A Cor do Dinheiro constrói-se a partir de uma relação de aprendizagem, mestre/discípulo, cujas matrizes estão, em grande parte no western clássico. Com importantes diferenças de contexto, como é óbvio. Assim, Newman surge como Eddie Felson, lenda do jogo do bilhar que encontra na personagem de Vincent Lauria, o jovem prodígio interpretado por Tom Cruise, um desafio e, em última instância, um sucessor.

Pelas peripécias de A Cor do Dinheiro perpassa o tema da afirmação individual e, mais do que isso, da redenção, nuclear na obra de Scorsese. E não é uma das menores maravilhas do filme que a relação de cumplicidade e conflito que se estabelece entre os dois jogadores acabe por funcionar também como uma belíssima passagem de testemunho entre dois actores capazes de simbolizar duas gerações de Hollywood.
Escusado será sublinhar que, em 1986, Newman era um nome mais que consagrado do cinema americano. Nascido em 1925, produto da geração do Actors Studio a que também pertenciam Marlon Brando ou James Dean, a sua carreira desenvolvera-se de modo fulgurante a partir de Gata em Telhado de Zinco Quente (1958), precisamente o filme que lhe deu a sua primeira nomeação para o Óscar.
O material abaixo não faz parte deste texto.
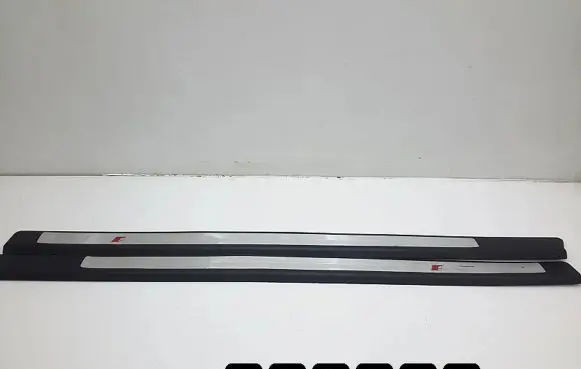 Audi A3 S3 8P Front sill trim cover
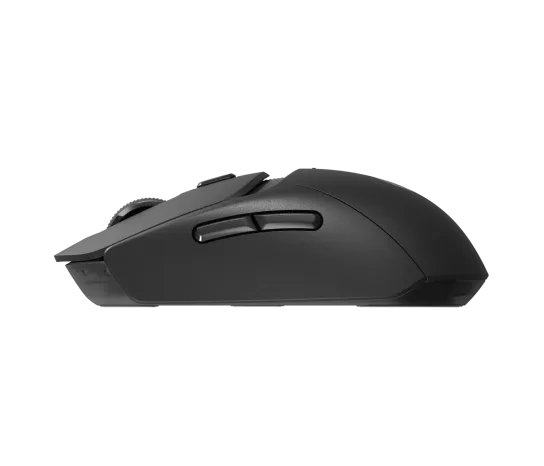 Logitech G309 Lightspeed Black Wireless Gaming Mouse With Lightforce Switches ( 910-007201 ) - Image 2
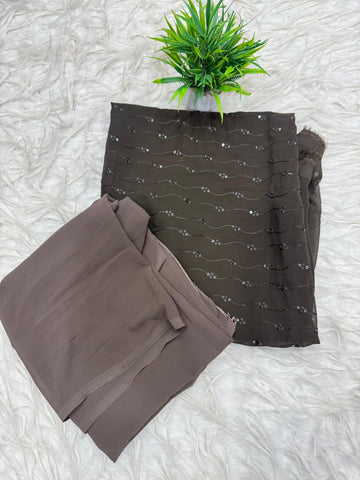 3 PCS set dress Material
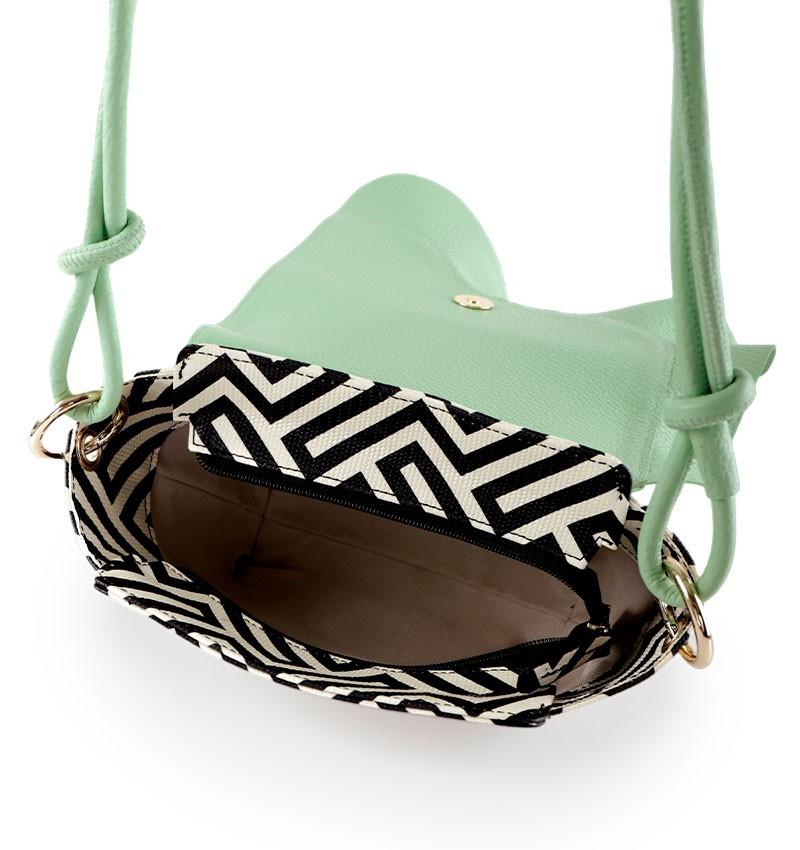 Chie mihara SUKEN GREEN Ofertas especiales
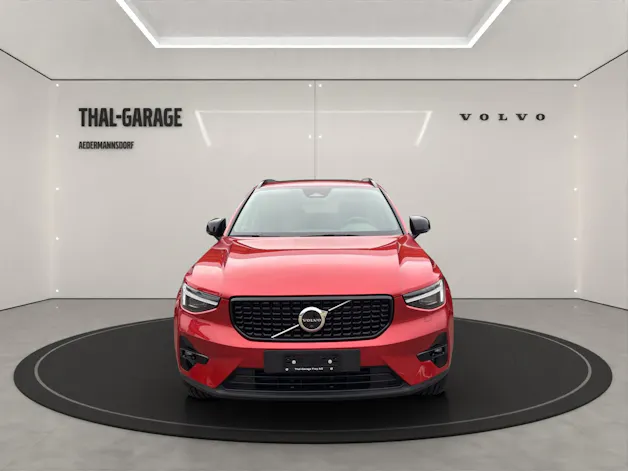 Volvo XC40 2.0 B4 MH Ultra Dark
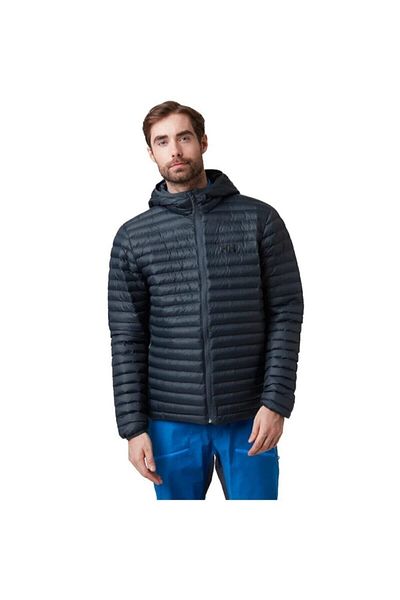 Helly Hansen Sirdal Hooded Insulator Men's Outdoor Jacket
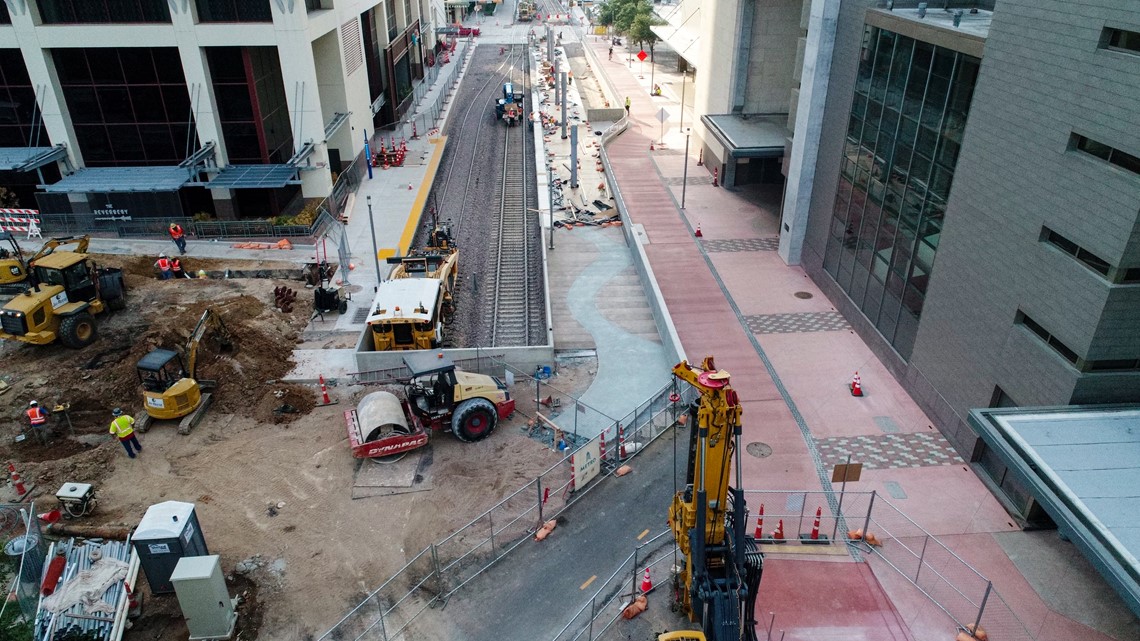 Austin's Project Connect needs workers as construction starts - Vimarsana News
Quanto a Cruise, embora tendo já dado mostras do seu talento em Taps (1981) ou Negócio Arriscado (1983), era ainda visto sobretudo como o “galã” do sucesso Top Gun (também de 1986). Nesta perspectiva, A Cor do Dinheiro surgiu como o primeiro grande desafio da sua carreira, confrontando-o com o peso e a autoridade de um “monstro sagrado” como Newman, para mais sob a direcção de Scorsese (que, na altura, convém não esquecer, já assinara Mean Streets, Taxi Driver e Touro Enraivecido).
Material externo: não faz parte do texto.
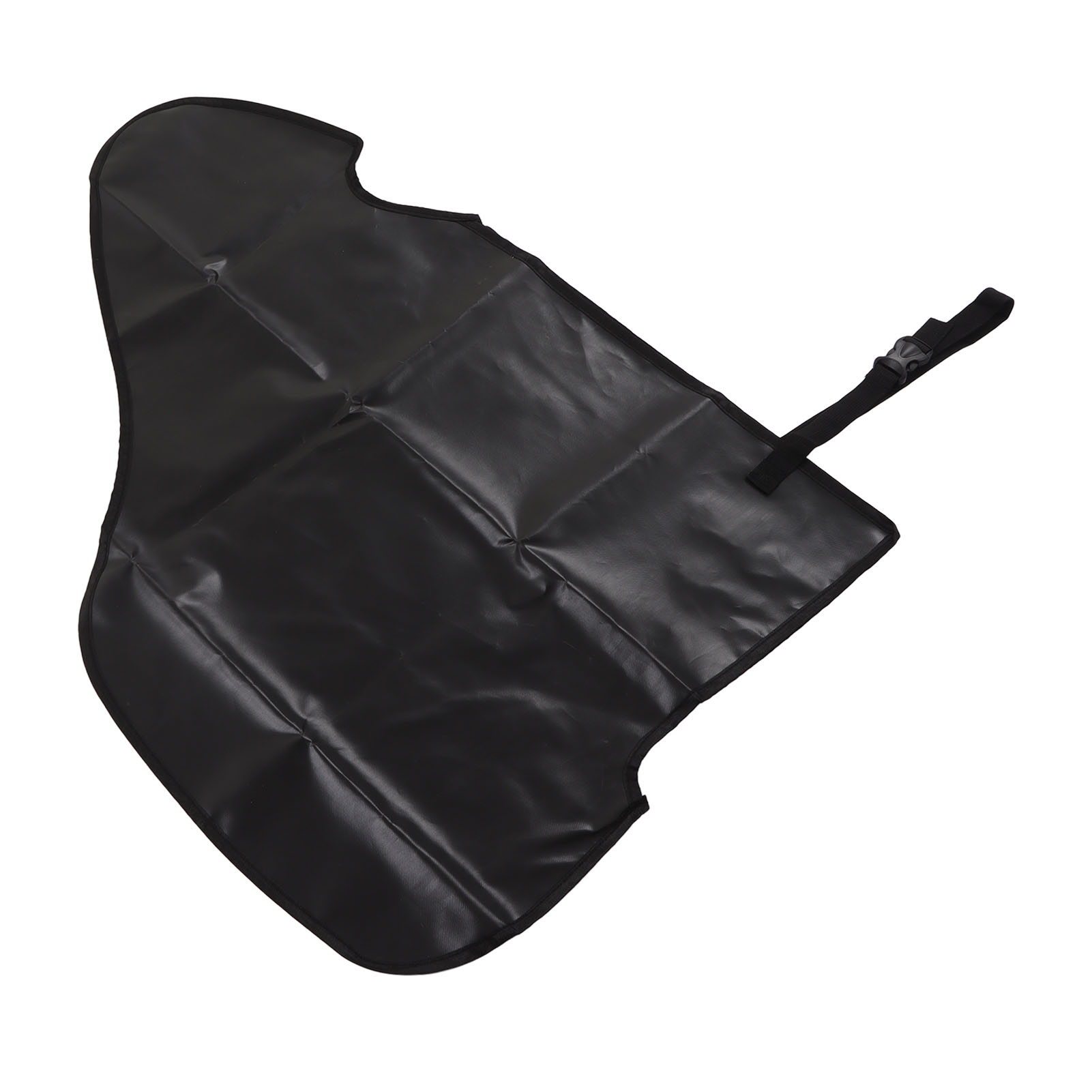 Abdeckung Für Wohnwagen-anhängerkupplung, Wasserdicht, Staubdicht, Sonnenbeständig, Pvc-schutzabdeckung Mit Schnallenriemen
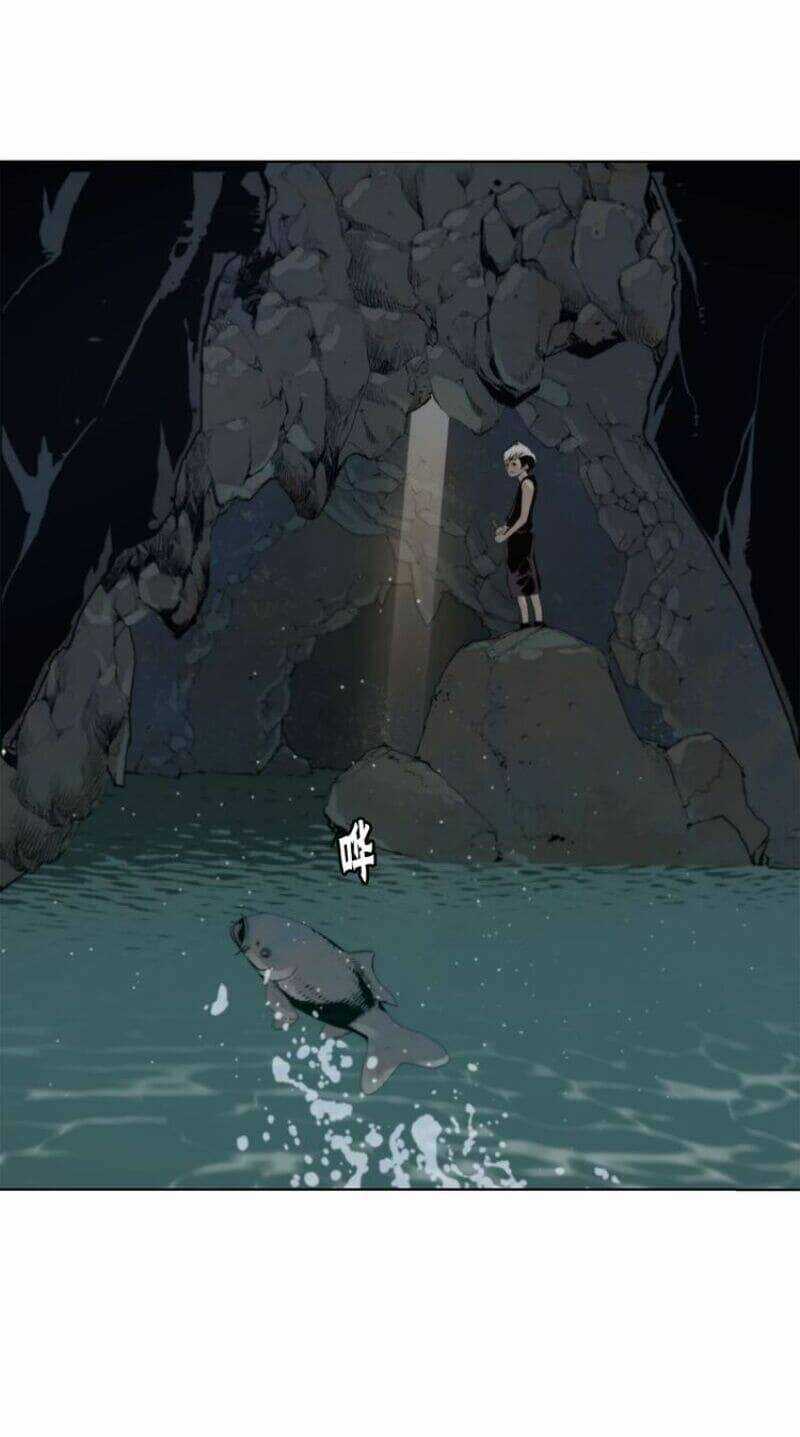 Vinh Quang Kiếm Chapter 34 trang 27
O mínimo que se pode dizer é que se trata de uma afirmação de talento que encontra um eco ambíguo, ligeiramente perverso, na própria dinâmica interna do filme. Assim, dir-se-ia que, face à exuberância da personagem de Vincent, Newman compõe o seu Eddie Felson num misto de ironia e contemplação, em última análise contribuindo decisivamente para a excelência do trabalho de Cruise. Dois anos depois, Cruise teria outro desafio invulgar em Rain Man, neste caso frente a frente com Dustin Hoffman. É caso para dizer: o resto pertence à história.